From the entries below, return exactly the lines beginning at the one that contains "Iconos de pescado" and ending at the one that contains "4th Of July Truck", both of them included, and only those lines.
EXTRACTED ENTRIES Block Start
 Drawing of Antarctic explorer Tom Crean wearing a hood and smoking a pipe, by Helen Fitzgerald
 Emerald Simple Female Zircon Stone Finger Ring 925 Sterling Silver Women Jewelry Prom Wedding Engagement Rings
EXTRACTED ENTRIES Block End
EXTRACTED ENTRIES Block Start
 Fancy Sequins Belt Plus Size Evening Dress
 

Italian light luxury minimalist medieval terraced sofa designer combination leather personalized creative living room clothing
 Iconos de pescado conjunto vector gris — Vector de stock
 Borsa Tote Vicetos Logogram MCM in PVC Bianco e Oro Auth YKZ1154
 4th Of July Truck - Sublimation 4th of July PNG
EXTRACTED ENTRIES Block End
WRITTEN ANSWER:
 Iconos de pescado conjunto vector gris — Vector de stock
 Borsa Tote Vicetos Logogram MCM in PVC Bianco e Oro Auth YKZ1154
 4th Of July Truck - Sublimation 4th of July PNG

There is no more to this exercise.